'''
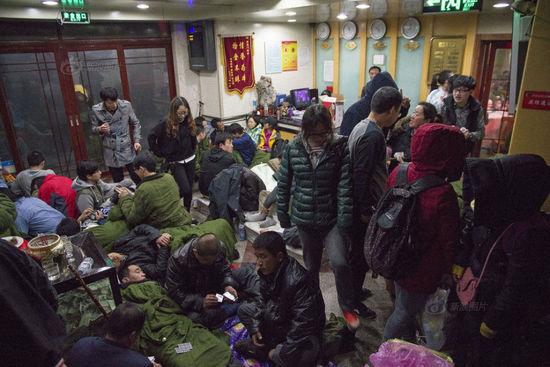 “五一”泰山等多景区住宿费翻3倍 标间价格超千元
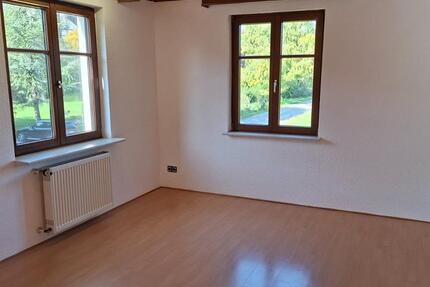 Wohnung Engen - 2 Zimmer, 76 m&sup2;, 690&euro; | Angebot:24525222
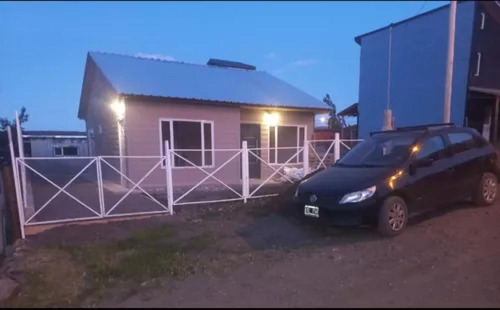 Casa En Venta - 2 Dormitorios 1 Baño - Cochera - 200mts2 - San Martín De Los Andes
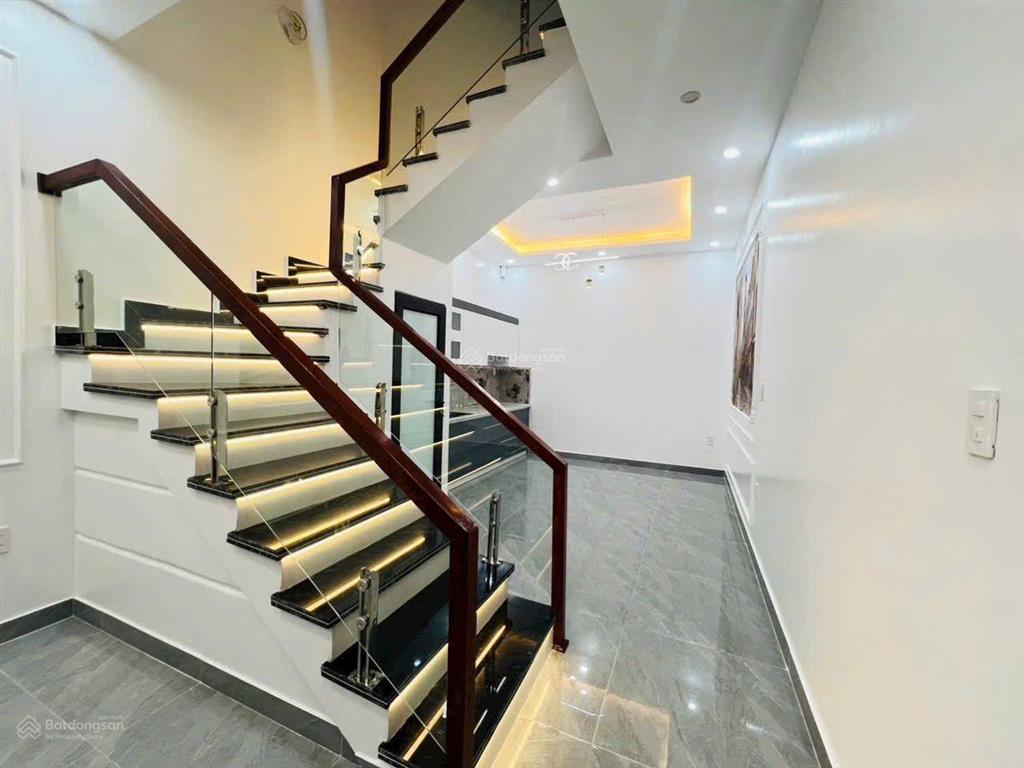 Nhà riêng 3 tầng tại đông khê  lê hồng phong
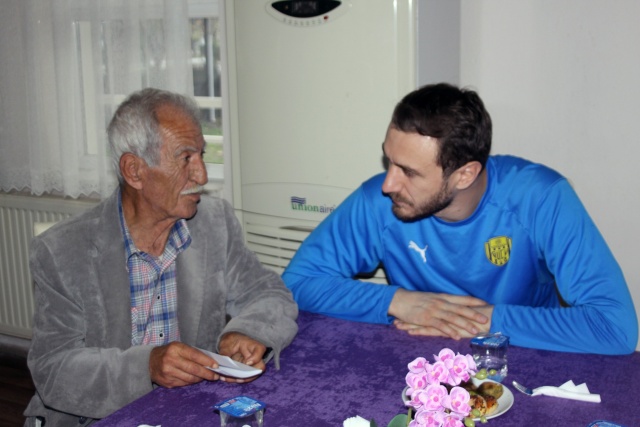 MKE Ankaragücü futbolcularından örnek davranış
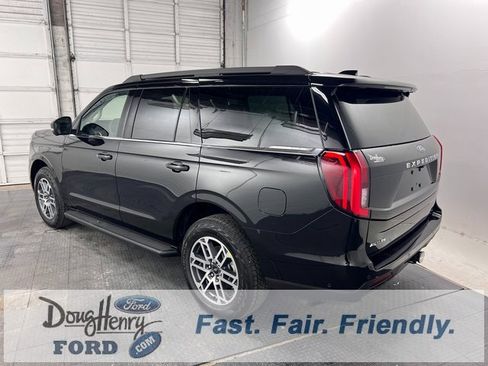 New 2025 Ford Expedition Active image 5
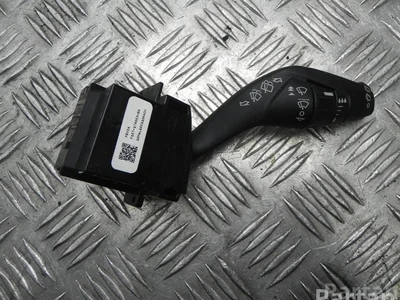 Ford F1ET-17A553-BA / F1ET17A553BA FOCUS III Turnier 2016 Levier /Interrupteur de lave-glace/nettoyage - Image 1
'''
With the pictures removed, output the listing above exactly.

▶ Finished task:
 “五一”泰山等多景区住宿费翻3倍 标间价格超千元
 Wohnung Engen - 2 Zimmer, 76 m&sup2;, 690&euro; | Angebot:24525222
 Casa En Venta - 2 Dormitorios 1 Baño - Cochera - 200mts2 - San Martín De Los Andes
 Nhà riêng 3 tầng tại đông khê  lê hồng phong
 MKE Ankaragücü futbolcularından örnek davranış
 New 2025 Ford Expedition Active image 5
 Ford F1ET-17A553-BA / F1ET17A553BA FOCUS III Turnier 2016 Levier /Interrupteur de lave-glace/nettoyage - Image 1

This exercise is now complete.